In recent days, Kash Patel, the F.B.I. director, and Dan Bongino, his deputy, have promised to bring change to what they have called a broken institution.
Before they took control of the F.B.I., the bureau’s two top leaders, Kash Patel and Dan Bongino, were some of the agency’s most rabid critics, attacking it at every turn for years.
But now that they are running the agency, the two men have pulled a kind of bait-and-switch: In recent emails to thousands of F.B.I. employees, they have sought to use the bureau’s damaged reputation — a reputation that they themselves helped tear down — as a rationale for bringing reforms to the supposedly broken organization.

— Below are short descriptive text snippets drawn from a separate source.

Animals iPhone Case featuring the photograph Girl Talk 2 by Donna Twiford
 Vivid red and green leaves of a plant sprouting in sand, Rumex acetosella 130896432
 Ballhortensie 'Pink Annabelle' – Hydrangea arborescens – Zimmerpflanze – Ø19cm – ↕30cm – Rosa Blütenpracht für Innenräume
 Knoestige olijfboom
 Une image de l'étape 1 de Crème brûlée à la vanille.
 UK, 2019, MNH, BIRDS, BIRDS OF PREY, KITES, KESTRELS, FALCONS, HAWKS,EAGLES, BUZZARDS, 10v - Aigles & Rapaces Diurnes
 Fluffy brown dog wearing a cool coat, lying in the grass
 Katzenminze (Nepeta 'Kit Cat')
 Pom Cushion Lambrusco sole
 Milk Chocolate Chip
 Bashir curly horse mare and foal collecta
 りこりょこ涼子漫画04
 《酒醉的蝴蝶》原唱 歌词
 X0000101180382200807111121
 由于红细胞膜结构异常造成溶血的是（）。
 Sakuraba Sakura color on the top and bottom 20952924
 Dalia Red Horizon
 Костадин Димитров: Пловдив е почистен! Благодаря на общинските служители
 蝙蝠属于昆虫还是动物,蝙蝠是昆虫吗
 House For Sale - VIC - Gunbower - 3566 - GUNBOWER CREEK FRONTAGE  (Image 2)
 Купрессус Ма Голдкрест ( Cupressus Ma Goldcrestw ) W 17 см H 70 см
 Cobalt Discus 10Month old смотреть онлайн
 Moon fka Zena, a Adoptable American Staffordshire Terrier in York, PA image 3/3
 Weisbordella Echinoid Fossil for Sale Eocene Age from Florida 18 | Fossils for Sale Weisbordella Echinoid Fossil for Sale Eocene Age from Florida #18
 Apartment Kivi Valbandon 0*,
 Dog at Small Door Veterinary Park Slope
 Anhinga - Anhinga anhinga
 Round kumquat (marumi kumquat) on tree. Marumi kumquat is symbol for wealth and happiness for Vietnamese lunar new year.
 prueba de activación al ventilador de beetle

“Over the past few years, the F.B.I.’s reputation has been damaged in the eyes of our employers, the American people,” Mr. Patel wrote on Wednesday in one of the messages. “I know each of you, serving across this great nation, are tackling cases that will further the betterment of the communities in which you live and work.”
“Times of change can be uneasy, but they are necessary,” he went on. “Business as usual is no longer business as usual.”
Absent from Mr. Patel’s communications with his 38,000 employees was any mention of the persistent assaults that he himself has launched against the F.B.I. over the years.
Before he ascended to the post of F.B.I. director, Mr. Patel repeatedly distorted the facts about the bureau’s investigation of Russian meddling into President Trump’s 2016 campaign. He has also been a central purveyor of conspiracy theories, accusing federal agents of having helped instigate the attack by Mr. Trump’s supporters on the Capitol on Jan. 6, 2021.